La situazione poi si complica per lo scontro di potere in atto. L’operazione sulla Guardia di Finanza da parte di Visco derivava dall’esigenza di controllare i flussi investigativi e informativi sul caso Unipol: i Ds stanno ancora con il fiato sospeso per l’esistenza di altre intercettazioni telefoniche, dopo quella di Fassino. Molti si domandano: perché, diversamente da Fiorani e dagli altri «furbetti del quartierino», Consorte - a parità di reati - non è mai stato arrestato? Quale provvidenziale «manina» lo ha salvato? E in una situazione di questo tipo, il governo non solo si blinda ma manda un messaggio devastante: la rimozione di Speciale, come tutte le nomine finora fatte (anche quelle di due su tre dei servizi: invece il Sismi è guidato da una persona al di fuori della stretta logica partitica) ha un senso preciso: questo debolissimo governo vuole essere fortissimo nel controllo dei corpi più delicati dello Stato (oltre che di banche, Ferrovie, Rai, Ansa eccetera) i quali, nelle sue intenzioni, non devono servire lo Stato, ma la coalizione di centrosinistra.
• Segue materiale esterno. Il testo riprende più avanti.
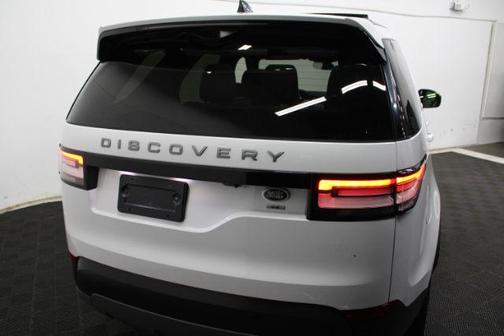 2020 Land Rover Discovery SE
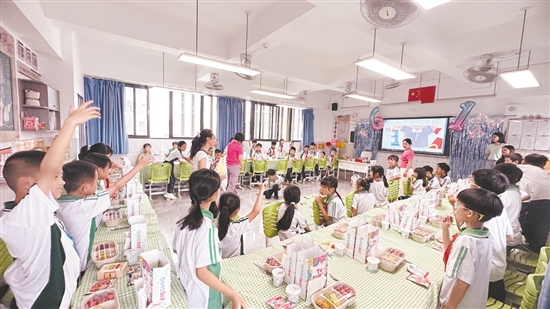 學(xué)生們參加家委會組織的班級趣味活動慶祝節(jié)日。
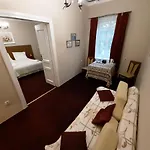 Red Carpet Premium Bed and Breakfast 3*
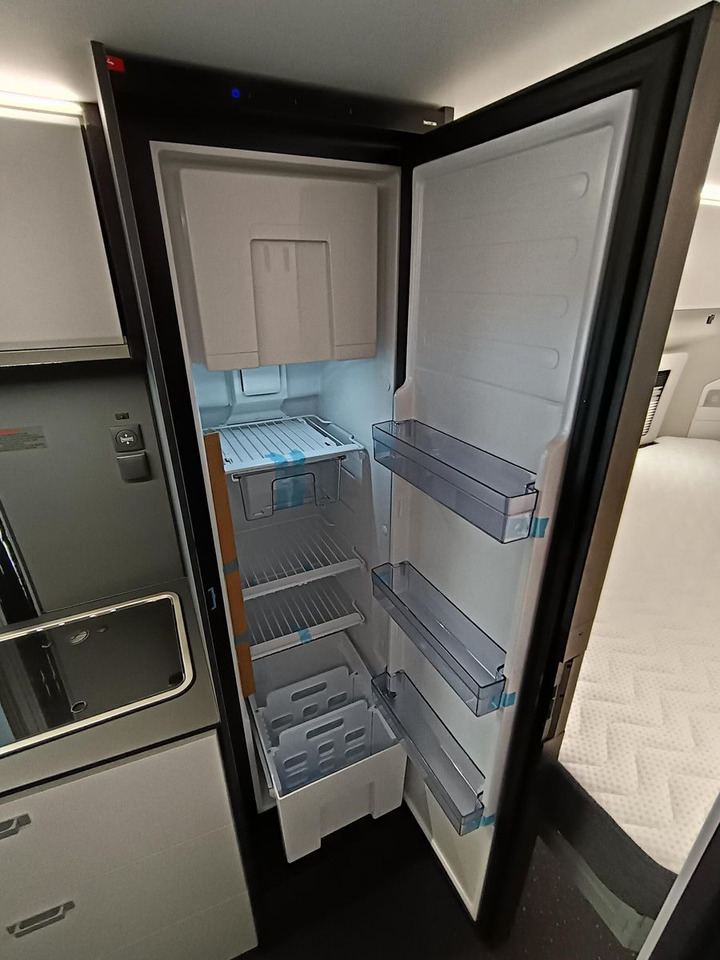 Kamp kombi Adria Twin Edition 640 SGX Maxi 132kW*138L KÜHLSCHRANK: slika Kamp kombi Adria Twin Edition 640 SGX Maxi 132kW*138L KÜHLSCHRANK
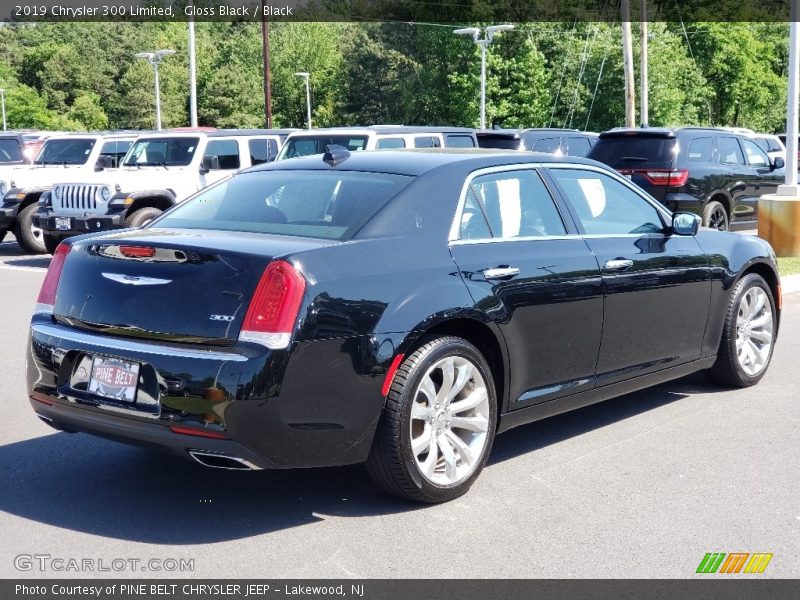 Gloss Black / Black 2019 Chrysler 300 Limited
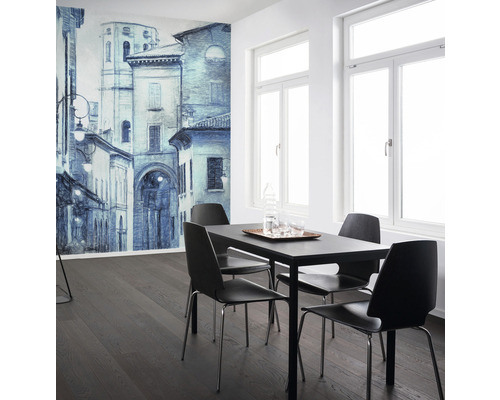 Cameră luminoasă cu fototapet, masă de sufragerie cu scaune și două ferestre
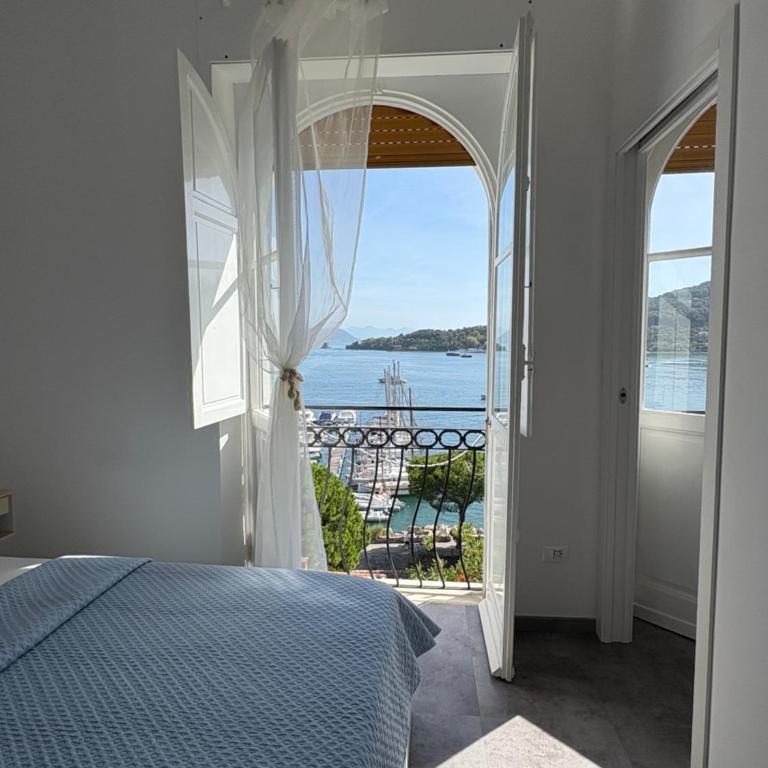 Le Finestre Veneris - Family Room with Sea View - 16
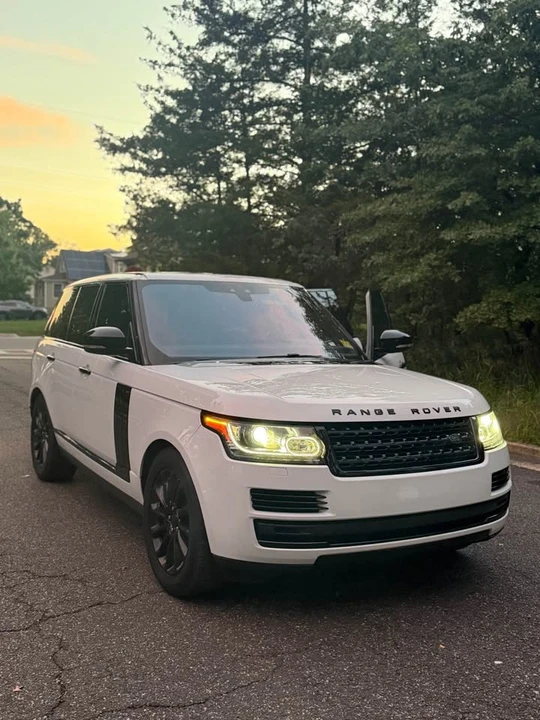 2017 Land Rover Range Rover L405 - Image 2 of 14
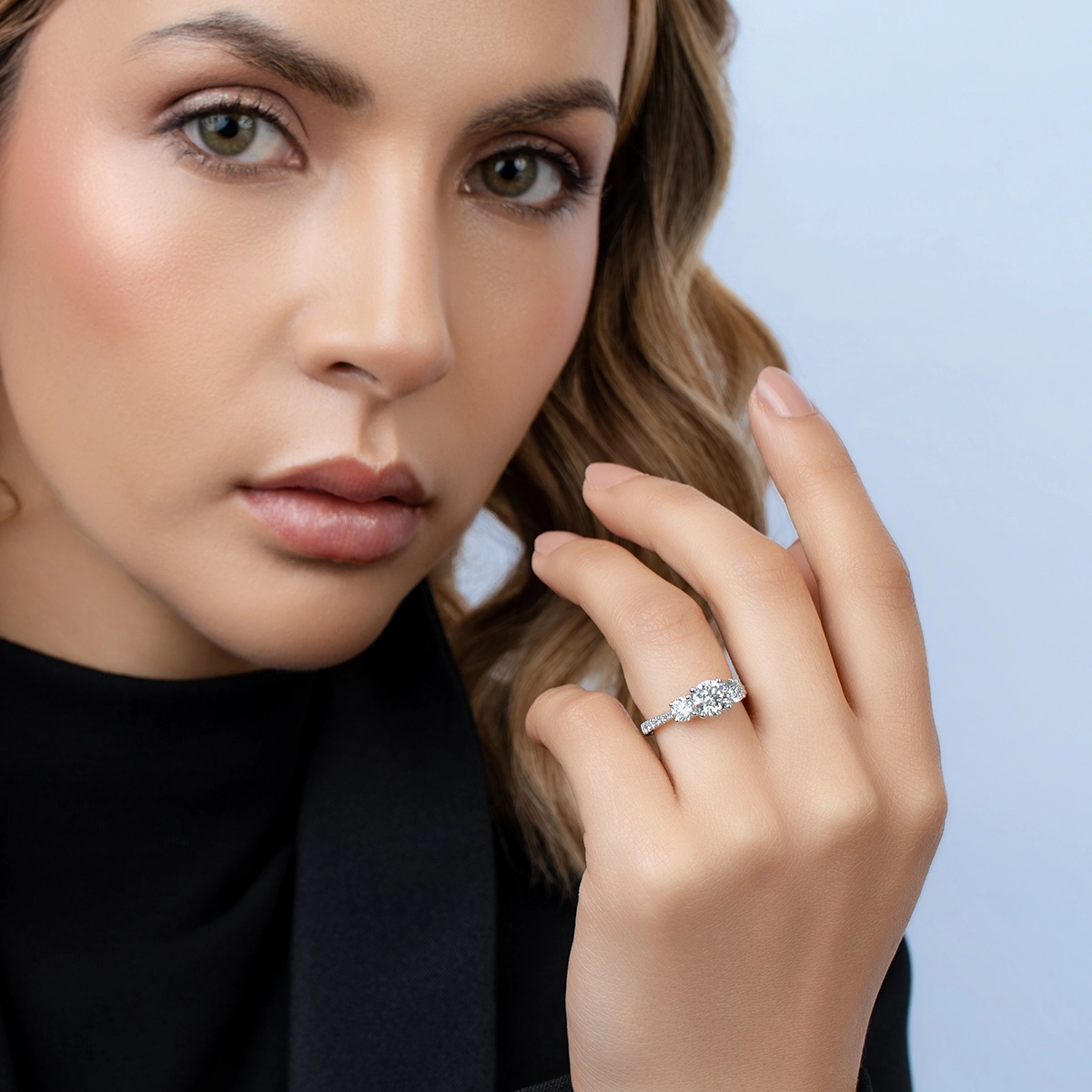 Anillo de compromiso con diamante de laboratorio central redondo IGI de 1.00ct y decoración en diamantes de laboratorio, oro tono blanco 18k, rodinado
Per questo i leader dei partiti di centrodestra hanno parlato di «emergenza democratica». E il presidente della Repubblica - specie un presidente della Repubblica che parla quotidianamente su tutti i temi - ha il diritto-dovere di intervenire per capire che sta succedendo, altrimenti rischia di passare alla storia con l’appellativo di Ponzio Pilato.
A loro volta i partiti di centrodestra in primo luogo devono consolidare l’unità politica nella battaglia di opposizione. Quello che sta facendo il governo richiede una risposta durissima in parlamento per farlo cadere e andare a nuove elezioni. A nostro avviso l’unica ipotesi possibile e ragionevole sarebbe un governo a termine che faccia una nuova legge elettorale e porti il Paese alle elezioni di qui a qualche mese. Ma il centrosinistra appare rattrappito nel seguente schema: sa che Prodi e l’intesa fra sinistra radicale e sinistra più moderata non funzionano ma teme che se perde un «anello» tutto si sfasci. Allora si blinda producendo nella dialettica politica effetti devastanti che finiscono col dar spazio alle posizioni antipolitiche cavalcate dal Corriere della Sera ed espresse da Luca di Montezemolo.
E dalla disgregazione del centrosinistra può emergere un terzo interlocutore che punta a disintegrare entrambi i poli, per dar vita a una nuova aggregazione politica sostenuta dai «poteri forti», a cominciare dal blocco di potere costituito da alcune grandi banche e dai loro giornali. Questo blocco di potere credeva che il suo uomo fosse Prodi e adesso, deluso, è alla ricerca di un nuovo punto di riferimento.

Di qui le mistificazioni secondo le quali la crisi del centrosinistra viene presentata come crisi della politica tout court. Questa mistificazione potrebbe tradursi in realtà qualora un governo già in crisi prolungasse in modo indefinito la sua agonia.